On the pro side arguments like "you can't stop technological advances" and "improved communication between the team improves the quality of racing." Arguments on the other side largely center around the devices making races too predictable and to let riders think for themselves.

 

Stage 10 is a flat stage which will most likely be decided in a bunch sprint. Stage 13 has some moderate climbs early on and so could be interesting for long escapes.

 

Neither stage is expected to impact the general classification. As such, ASO has chosen two "safe" stages to try this experiment. Although, experiment, we have a good century of exciting racing behind us without the aid of these devices but it may be quite novel to the younger riders. 

 

ASO expects, hopes, to see exciting and adventurous riding in these two stages where individual riders take their own chances without the benefit of full, strict guidance from team directors and road captains. I hope ASO's hopes will be answered.

 

Several of the participants in the race seem not to appreciate ASO's initiative. Both Lance Armstrong and Johan Bruyneel twittered their misgivings, with the latter calling it a return to prehistorical times. Dutch racers Steven de Jongh and Koes Moerenhout also disagreed.

 

I am very much looking forward to these two stages. To have the riders make decisions on the spot with the information available from their viewpoint from their position in the race will be very interesting. And of course, team directors still have the ability to direct by driving up next to their riders and give instructions. 

 

Races where riders made or had to make their own calls can often be memorable and lead to results that otherwise would not have come about. One favorite example is Eric Dekker's win over Lance Armstrong in the Amstel Gold Race.

 

Ignoring team orders to drop back and wait for the group with Michael Boogerd, Eric continued their two-man escape eventually beating Lance in the sprint.
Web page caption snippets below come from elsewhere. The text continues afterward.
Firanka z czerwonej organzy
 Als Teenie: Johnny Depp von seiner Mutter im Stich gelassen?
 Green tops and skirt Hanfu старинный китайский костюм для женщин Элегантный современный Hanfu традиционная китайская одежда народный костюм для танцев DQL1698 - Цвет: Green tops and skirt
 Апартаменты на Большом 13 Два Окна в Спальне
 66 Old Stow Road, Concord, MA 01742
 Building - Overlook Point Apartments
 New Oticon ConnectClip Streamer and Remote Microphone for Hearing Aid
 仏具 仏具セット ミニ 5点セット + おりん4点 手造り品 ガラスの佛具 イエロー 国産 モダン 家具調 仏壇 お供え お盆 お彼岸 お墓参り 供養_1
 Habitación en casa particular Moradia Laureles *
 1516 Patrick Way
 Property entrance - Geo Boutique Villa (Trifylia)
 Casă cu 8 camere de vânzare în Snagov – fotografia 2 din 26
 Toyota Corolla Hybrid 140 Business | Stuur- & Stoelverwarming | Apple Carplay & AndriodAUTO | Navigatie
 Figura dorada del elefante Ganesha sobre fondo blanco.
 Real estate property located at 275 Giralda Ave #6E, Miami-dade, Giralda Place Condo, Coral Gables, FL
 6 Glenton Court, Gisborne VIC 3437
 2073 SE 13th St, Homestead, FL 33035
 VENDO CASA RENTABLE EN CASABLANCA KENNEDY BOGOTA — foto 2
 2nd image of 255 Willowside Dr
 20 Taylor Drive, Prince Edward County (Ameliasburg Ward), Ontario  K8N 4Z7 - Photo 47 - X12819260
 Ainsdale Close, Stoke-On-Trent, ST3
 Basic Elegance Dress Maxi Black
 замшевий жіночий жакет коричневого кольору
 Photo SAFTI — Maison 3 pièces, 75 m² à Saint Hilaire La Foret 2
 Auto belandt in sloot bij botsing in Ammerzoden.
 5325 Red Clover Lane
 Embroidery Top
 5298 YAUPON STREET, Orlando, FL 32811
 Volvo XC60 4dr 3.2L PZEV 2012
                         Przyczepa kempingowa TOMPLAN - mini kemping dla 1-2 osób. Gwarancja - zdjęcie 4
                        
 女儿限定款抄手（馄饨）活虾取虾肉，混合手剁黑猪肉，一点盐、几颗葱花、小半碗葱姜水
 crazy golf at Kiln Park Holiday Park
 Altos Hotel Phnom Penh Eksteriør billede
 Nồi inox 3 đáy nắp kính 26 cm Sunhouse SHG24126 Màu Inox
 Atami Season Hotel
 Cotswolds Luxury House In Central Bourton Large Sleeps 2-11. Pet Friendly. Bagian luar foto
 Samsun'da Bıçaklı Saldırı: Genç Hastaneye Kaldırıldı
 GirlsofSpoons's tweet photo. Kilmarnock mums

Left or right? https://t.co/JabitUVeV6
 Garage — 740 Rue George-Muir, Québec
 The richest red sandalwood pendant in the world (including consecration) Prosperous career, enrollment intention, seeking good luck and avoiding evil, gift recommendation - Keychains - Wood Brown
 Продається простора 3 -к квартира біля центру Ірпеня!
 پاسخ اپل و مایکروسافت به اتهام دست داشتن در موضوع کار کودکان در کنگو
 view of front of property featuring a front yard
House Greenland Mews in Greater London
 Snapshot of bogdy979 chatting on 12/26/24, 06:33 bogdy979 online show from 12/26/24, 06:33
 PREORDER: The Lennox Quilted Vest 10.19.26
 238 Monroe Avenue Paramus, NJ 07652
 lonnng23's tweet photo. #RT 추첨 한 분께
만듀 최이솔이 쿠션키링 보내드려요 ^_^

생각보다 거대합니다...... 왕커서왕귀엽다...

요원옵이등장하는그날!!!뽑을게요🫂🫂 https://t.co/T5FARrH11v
And some years back in the amateur world championship race a rider passed the finish line celebrating not realizing a solo rider had been in front all this time.

 

Sadly, Eric didn't return the favor as Rabobank team director: instructing Sebastian Langeveld to fall back while leading this year's Omloop Het Volk race with Heinrich Haussler of Cervelo Test Team. And Sebastian listened... 

 

I believe less coaching during an event is great. Let us admire racers not only for purely their physical abilities but also for their insight and courage.

 

Some of it will go wrong from a team director's perspective but some actions may lead to unexpected results and in either scenario we fans and spectators enjoy a higher entertainment value.